→ **INFORMATION PROVIDED**:
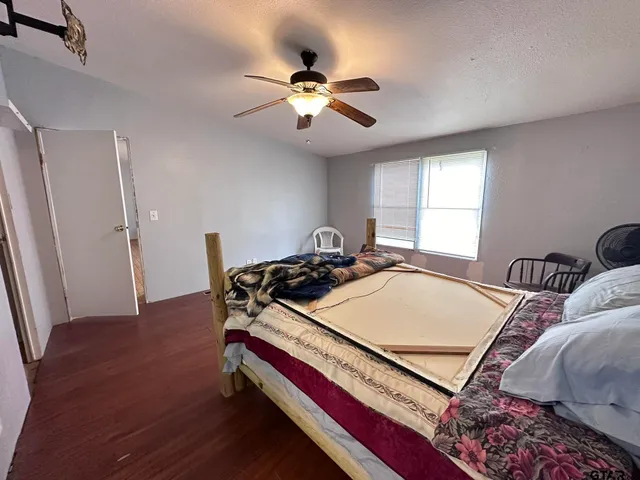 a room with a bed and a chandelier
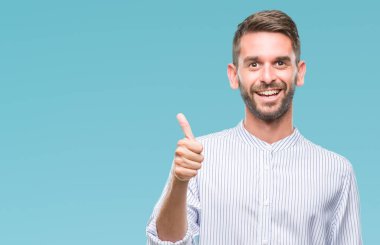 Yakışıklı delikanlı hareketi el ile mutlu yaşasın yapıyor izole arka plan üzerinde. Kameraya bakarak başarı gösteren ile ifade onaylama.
...
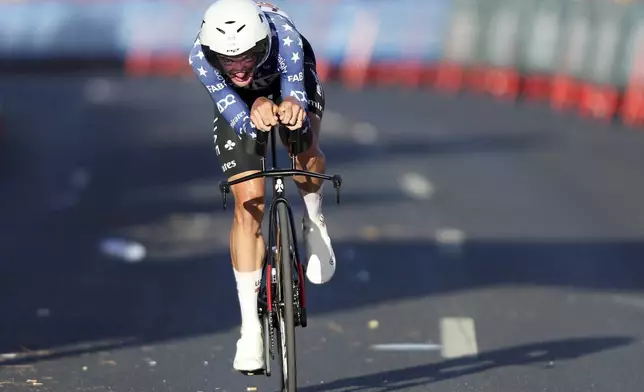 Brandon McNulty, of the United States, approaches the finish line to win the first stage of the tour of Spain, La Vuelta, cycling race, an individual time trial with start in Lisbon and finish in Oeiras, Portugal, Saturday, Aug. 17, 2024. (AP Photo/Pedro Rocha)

→ **WORK REQUEST**: From the records above, transcribe exactly the lines starting at the one containing "a room with a bed and a chandelier" and ending at the one containing "Yakışıklı delikanlı hareketi". Skip the pictures.

→ **COMPLETED TASK**:
 a room with a bed and a chandelier
 Yakışıklı delikanlı hareketi el ile mutlu yaşasın yapıyor izole arka plan üzerinde. Kameraya bakarak başarı gösteren ile ifade onaylama.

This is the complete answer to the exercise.